Festival watchers and local media say this year’s gathering has witnessed a rather busy season of extremely versatile, in-your-face encounters with several full houses, including a special tasting of the flavours of India. There are posters of Shri 420 and Mr and Mrs 55, umbrellas with actors painted on them and flags sporting Kabir’s dohas (couplets) on them. ‘‘We want to turn Mumbai into a major cultural centre of the world,’’ says Culture Secretary Govind Swaroop, explaining why the Bollywood thread runs through it all. The highpoint, of course, was our very own Shah Rukh Khan, whose film Devdas reportedly had the crowds buying their tickets in black, a la Mumbai!
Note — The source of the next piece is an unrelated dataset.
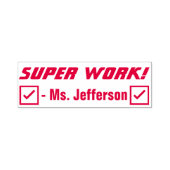 "SUPER WORK!" Educator Rubber Stamp Zelfinktende Stempel (Design)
A brisk run through the Edinburgh Fringe Festival — it began in the late ’40s and is today considered the world’s largest showcase of performing arts — reveals that this year the event showcased a veritable list of ‘Who’s Who’ and ‘What’s What’ of arts encounters and acts from across the world. The surfeit of goodies was packed in with tremendous punch and pizzazz to present a wholly eclectic feel of what’s hot and what’s not. As Rona Johnson, editor of the festival guide puts it, ‘‘Holding the high ground at the sharp end of the arts, the Edinburgh International Festival is the biggest and most important event in Scotland’s cultural diary, which dares to challenge an audience it believes can take it. And when it comes to new, this year too there’s been plenty to shout about.’’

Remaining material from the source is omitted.